Cold Skin, based on a best-selling Spanish novel, is about an unnamed British man in 1914 who is stationed on a remote island where he will be recording the weather. The only other occupant of the island is the caretaker of a lighthouse who, by all outward indications, appears to be insane. During his first night on the island, the weather-man is attacked by amphibious frog-man creatures and eventually seeks shelter in the lighthouse, where he enters into a weird Three's Company-type situation with the lighthouse keeper and his frog-lady sexy slave. Almost every night, the creatures attack the lighthouse and have to be beaten back. Eventually, deeper secrets about the island, about Man, about these particular men, and about human society are revealed until finally everything comes full circle in a surprisingly coherent and satisfying fashion.
Now, although this film is fairly rich thematically - it takes on colonialism and epistemology, for instance - the thing I loved the most was the production design. It is a sparse film, limited to a cast of three people (two humans and a girl in a fish suit). They are all strong so there is no problem with them carrying the film even with a limited cast, but for this movie to really shine the other elements needed to come together and the production design did so in a big way. The attention to detail, important in a period piece, is spot on. My favorite example is probably a sequence involving an old-timey diving suit - the kind where someone had to hand-crank an air pump from the surface - that is just great.

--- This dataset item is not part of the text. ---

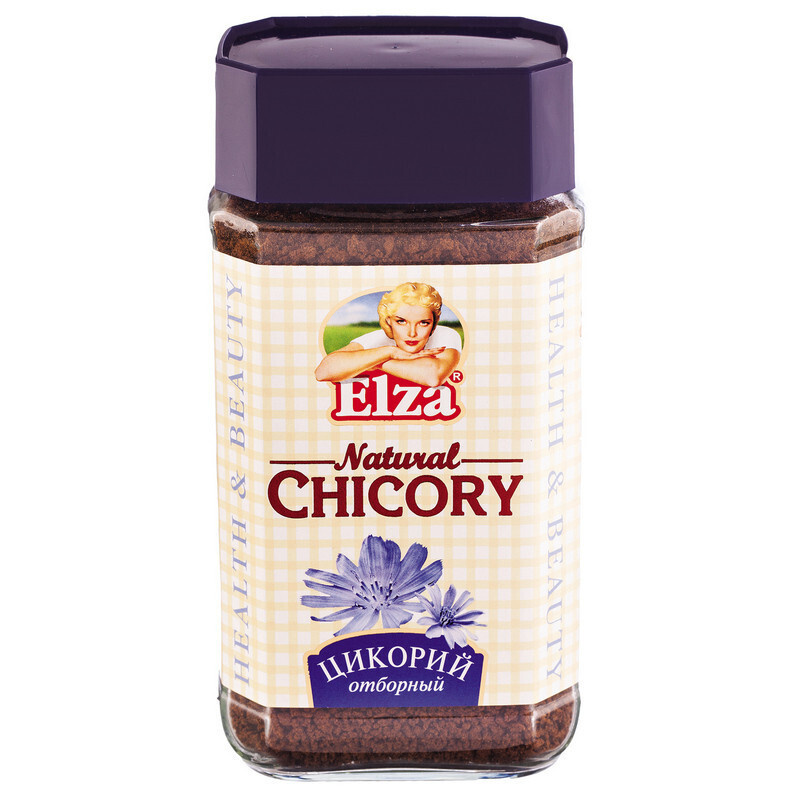 Цикорий гранулированный Elza Natural Chicory, 100 г #1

The lighthouse where most of the action takes place is also pretty much a textbook example of good location scouting - this thing looks the part, it feels massive, lived in, like it grew out of this rocky outcrop in the middle of no where. The way they shot the lighthouse is - and I feel a little ridiculous saying this - kind of powerful. Somehow the crew managed to imbue it with some personality, and that is really important. The island itself gets the same treatment. It's a bit of a cliche to say that the setting functions like a character, but sometimes it must be said. The DP just shot the hell out of this island, capturing its sinister, stark and lonely beauty. The way the waves pound the coast, the way the light sweeps the beach as the creatures swarm on it, the way a single figure makes his way across the rocks. Beautiful and terrifying and kind of sad.

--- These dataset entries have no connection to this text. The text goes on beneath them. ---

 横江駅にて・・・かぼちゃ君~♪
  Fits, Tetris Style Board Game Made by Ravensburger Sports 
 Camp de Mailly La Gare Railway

And that is really important in this film, because eventually it becomes clear that the human characters are actually in love with the island. That is, they both love it and they hate it. They crave and enjoy the solitude, the dominion over the land, the thrill of the fight every night - even as existence is hard and they could be eaten by frog people. There is obviously something about the island, of proving that they can survive in such a hardscrabble place so far removed from humanity's orbit, that injects some life into them. And that is why it is really crucial that the DP and the production design convince us that there is something special and eerie and seductive about this island. Otherwise, we would spend the whole movie just saying, Why the hell don't these chumps get off the island? And if that's your reaction, you'll miss out on some of the deeper things the story and the director are trying to get at.
Lastly, in case you aren't into that level of Moby Dick textual analysis of existential dread and the meaning of life, the movie also offers up quite a few jump scares and traditional horror thrills - no surprise but the sound design, which of course is excellent, plays a big part in that. This makes it a really interesting genre pastiche of horror tropes and more lofty artistic vision. Also the period setting alone is worth the price of admission as far as I'm concerned.

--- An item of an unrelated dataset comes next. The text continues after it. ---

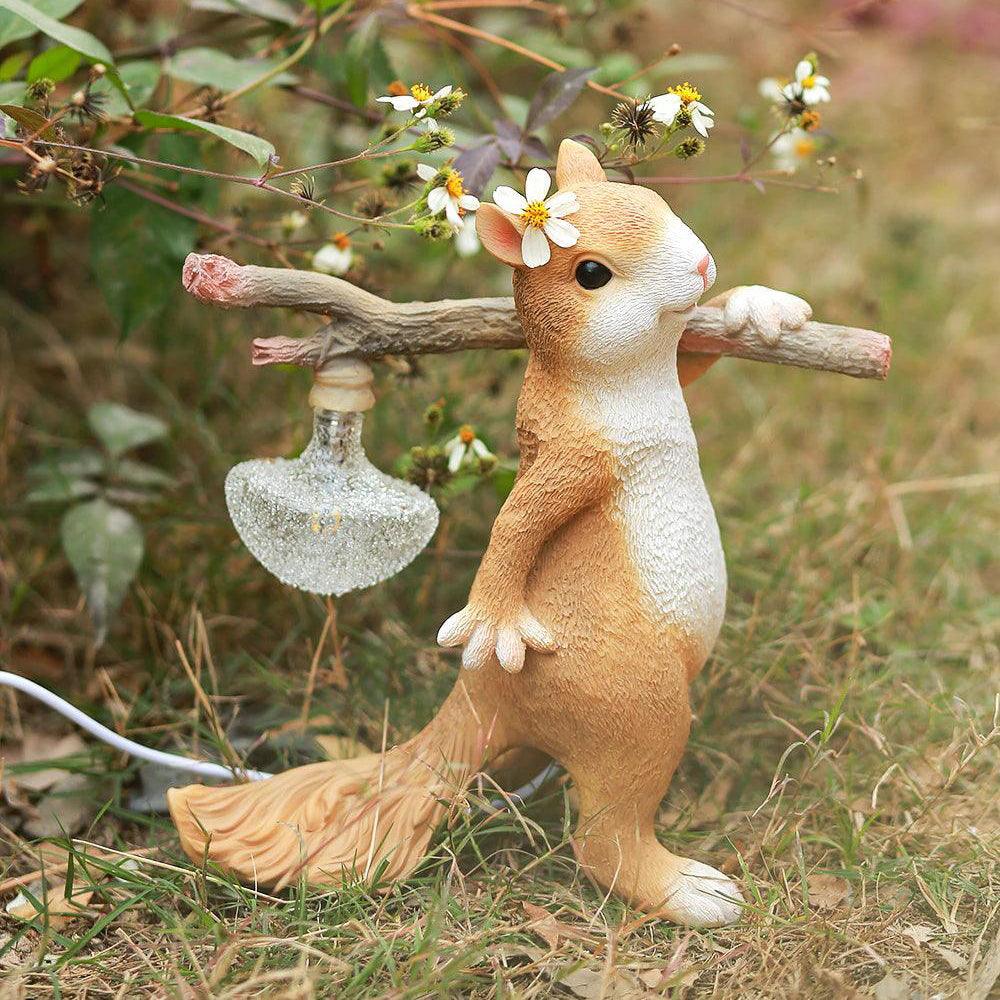 Squirrel lampada da tavolo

I love, love, love the fact that the film takes us back in time - over 100 years - but doesn't smack us in the face with it. It's just kind of dangled in the background, unspoken, that the world of this film is a world where human beings DID have to travel 67 days by ship to man remote outposts so they could make weather observations for the Good of the Empire Back Home. We hardly ever think about that now, since we can zoom in on any place in the world with our phones after five seconds of searching, but during the time period of the film the world was a much more mysterious and less knowable place, and that final little sheen of mystique just adds another layer of detail and depth that puts Cold Skin over the top. I really enjoyed this film.
TLDR: What a year for human-on-fish sex movies!